Publication Describes New International Consortium Standardizing Immunohistochemistry

Boston Cell Standards, a company standardizing tumor tissue testing with the first immunohistochemistry laboratory reference standards, announced the publication of a journal article summarizing the vital mission of the newly launched Consortium for Analytic Standardization in Immunohistochemistry (CASI).

Sept. 21, 2022 11:00 UTC

Article in Archives of Pathology & Laboratory Medicine provides rationale for launching Consortium for Analytic Standardization in Immunohistochemistry

BOSTON--(BUSINESS WIRE)-- Boston Cell Standards, a company standardizing tumor tissue testing with the first immunohistochemistry laboratory reference standards, announced the publication of a journal article summarizing the vital mission of the newly launched Consortium for Analytic Standardization in Immunohistochemistry (CASI).

In the article, “A Consortium for Analytic Standardization in Immunohistochemistry[i],” published online in the Archives of Pathology & Laboratory Medicine, an international panel of pathologists and leaders of laboratory accreditation agencies describe the new consortium for establishing industrywide immunohistochemistry (IHC) reference standards to improve test accuracy and reproducibility.

CASI is initially funded by a $2 million grant from the National Cancer Institute. Its mission is to integrate analytic reference standards into IHC, a test format widely used in surgical pathology to evaluate cancers in tissue samples and determine correct treatment.

Clinical laboratory practices in IHC differ from practices in other types of hospital laboratories, such as the blood testing laboratory. Standard patient blood tests can be analyzed in any lab and yield the same results every time because of international reference standards that ensure all tests are aligned with one another; both patient and physician can have confidence in the results wherever the tests are performed.

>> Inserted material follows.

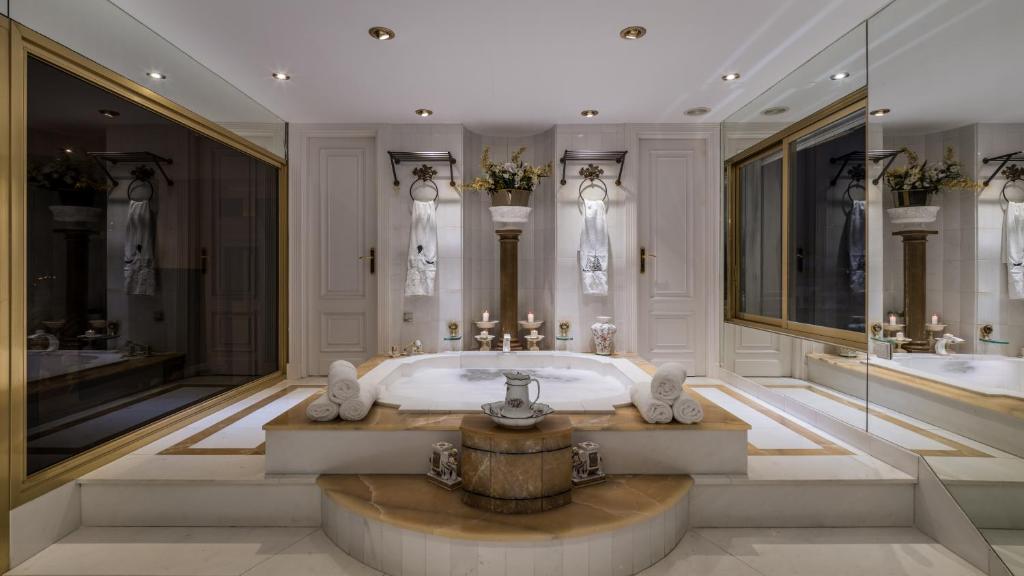 un baño con dos lavabos y una bañera en Sky Villa, en Marbella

No such reference standards exist in IHC, meaning that different labs can – and often do – return different results from the same sample. Rates of clinically inadequate IHC testing are roughly 10 times that of clinical blood testing labs, with test discrepancy rates of 10 to 30 percent.[ii]

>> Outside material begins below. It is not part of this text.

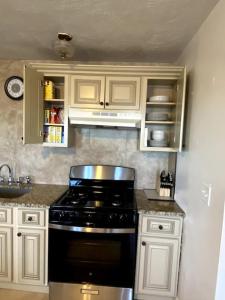 Dapur atau dapur kecil di Spacious 2nd floor split level with scenic views of Gloucester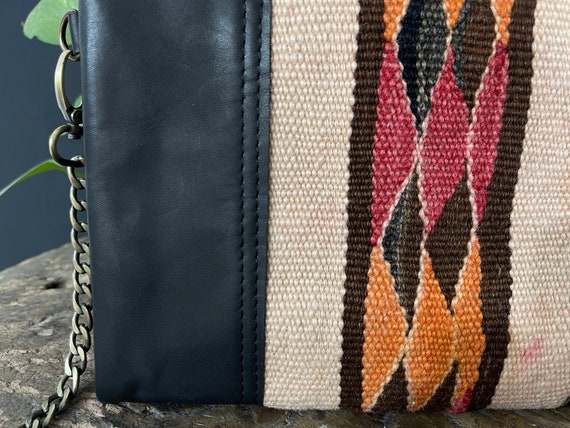 Clutch de lana marroquí hecho a mano: ribete de cuero, bolso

“The absence of analytic standards is a highly unusual situation for a clinical diagnostic testing environment,” according to the manuscript. “There is no precedent to our knowledge for an entire clinical laboratory testing industry to lack analytic standards, especially one so large, well established, and critically important for patient care as IHC.”

CASI will conduct studies to determine appropriate analytic sensitivity thresholds for selected IHC tests, publish the data it collects, and then offer analytic sensitivity recommendations. In addition to guiding routine clinical practice, these recommendations will be intended to facilitate and simplify methodology transfer between laboratories, from published literature, and in clinical trials.

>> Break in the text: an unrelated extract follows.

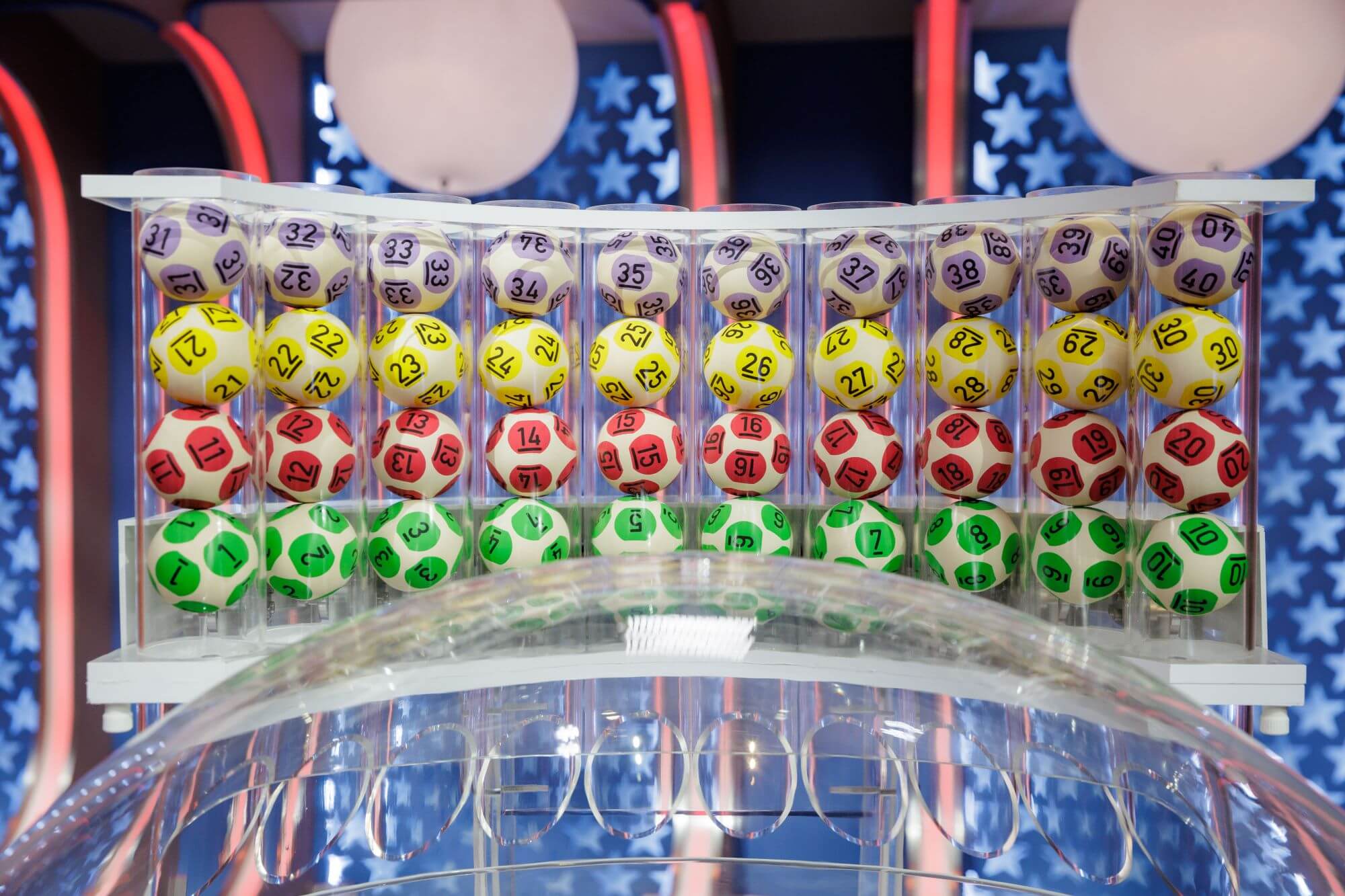 Лотерейные миллионеры назвали свои счастливые числа  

“Physicians rely on IHC companion diagnostic results to inform diagnosis and treatment decisions for their cancer patients. However, without reference standards, pathologists lack the necessary tools to ensure accurate, consistent results,” said Dr. Keith Miller, FIBMS, former director of the UK National External Quality Assessment Scheme for Immunohistochemistry & In-situ Hybridisation, a CASI steering committee member. “CASI was formed to fill this critical void in surgical pathology by establishing the standards and controls that make more reliable test results possible.”

“CASI’s technical mission – to identify objective, quantifiable analytic sensitivity guidelines for IHC assays – has an important patient impact,” said Dr. Steve Bogen, CEO of Boston Cell Standards and a board-certified clinical pathologist. “The standards of clinical laboratory practice that CASI creates stand to provide oncologists greater confidence in diagnosing patients and selecting the proper course of treatment, reduce the need for re-testing in laboratories, and inform accurate patient selection during clinical trials.”

Boston Cell Standards invented the first and only IHC reference materials, including calibrators for IHC standardization and controls for daily verification of IHC assay accuracy. These tools incorporate concentration measures that are traceable to a National Institute of Standards and Technology (NIST) standard.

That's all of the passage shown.